California's budget deal, coming 100 days after the protracted budget negotiations began, is anything but cause for celebration. True, the state will be able to start issuing debt, which is needed to pay for a myriad of things, such as public works projects. Localities will also get some much anticipated state funds. However, the legislature closed the state's $19 billion budget gap with unduly optimistic predictions and accounting gimmicks.
Now, on to the rosy predictions contained in the budget deal:
First, California has balanced its budget in part based on the assumption that the state will get $5.4 billion in federal funds. The problem is that the federal government has indicated that it will give something closer to $1.3 billion.
So there is about $4 billion that we can fairly safely assume the state will be short next year.
Second, the budget assumes that California will have higher than expected tax receipts. Why? A cynic would say because the state needs to balance the budget, and utilizing unreasonably optimistic predictions is the way to do it.
Next, where will be remainder of the revenue come from?
The state expects to receive $1.2 billion in revenue from the delay of a corporate tax break. California is also getting approximately $2-3 billion from a transfer of state funds, which the state will eventually have to be paid back. So there is another few billion that the state will have to pay back in the future.
We're now up to $7 billion that the state will have to pay off in the near future.

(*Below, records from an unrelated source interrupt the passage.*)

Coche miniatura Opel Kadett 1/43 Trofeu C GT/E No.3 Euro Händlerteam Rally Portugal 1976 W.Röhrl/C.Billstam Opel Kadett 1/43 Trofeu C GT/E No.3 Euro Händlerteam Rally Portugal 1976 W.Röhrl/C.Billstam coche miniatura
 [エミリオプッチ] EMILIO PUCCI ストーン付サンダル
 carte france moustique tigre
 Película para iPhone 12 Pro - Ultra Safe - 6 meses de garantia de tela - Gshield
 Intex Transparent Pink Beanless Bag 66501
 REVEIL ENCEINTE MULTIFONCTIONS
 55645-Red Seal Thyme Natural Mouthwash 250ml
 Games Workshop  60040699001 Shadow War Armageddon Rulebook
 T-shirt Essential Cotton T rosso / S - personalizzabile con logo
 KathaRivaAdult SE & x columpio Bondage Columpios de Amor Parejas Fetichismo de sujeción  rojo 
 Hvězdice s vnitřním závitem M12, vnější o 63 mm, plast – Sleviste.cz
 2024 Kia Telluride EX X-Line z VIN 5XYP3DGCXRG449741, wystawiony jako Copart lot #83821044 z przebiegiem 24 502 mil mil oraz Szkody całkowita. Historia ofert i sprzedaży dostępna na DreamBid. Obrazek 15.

Next, on deck, the spending cuts:
Forty percent of the $19 billion budget gap is made up in spending cuts. These cuts include: (1) a roll back of benefits to state workers, including a higher retirement age and a requirement for larger employee contributions to pension programs; (2) reductions in medical care to inmates; (3) reductions in pay to state in-home care workers; and (4) a reduction of approximately $3 billion in funding to schools, funding which is in fact voter mandated, and will have to be paid back in the future.
If you're still counting, we've now tallied approximately $10 billion that the state will have to pay back in the coming year or years.
The voters should tell their public officials that the time for accounting gimmicks and unrealistic expectations is gone. California just "closed its budget gap" by employing rosy predictions and accounting gimmicks, which actually demonstrate that the state is in the red to the tune of $10 billion.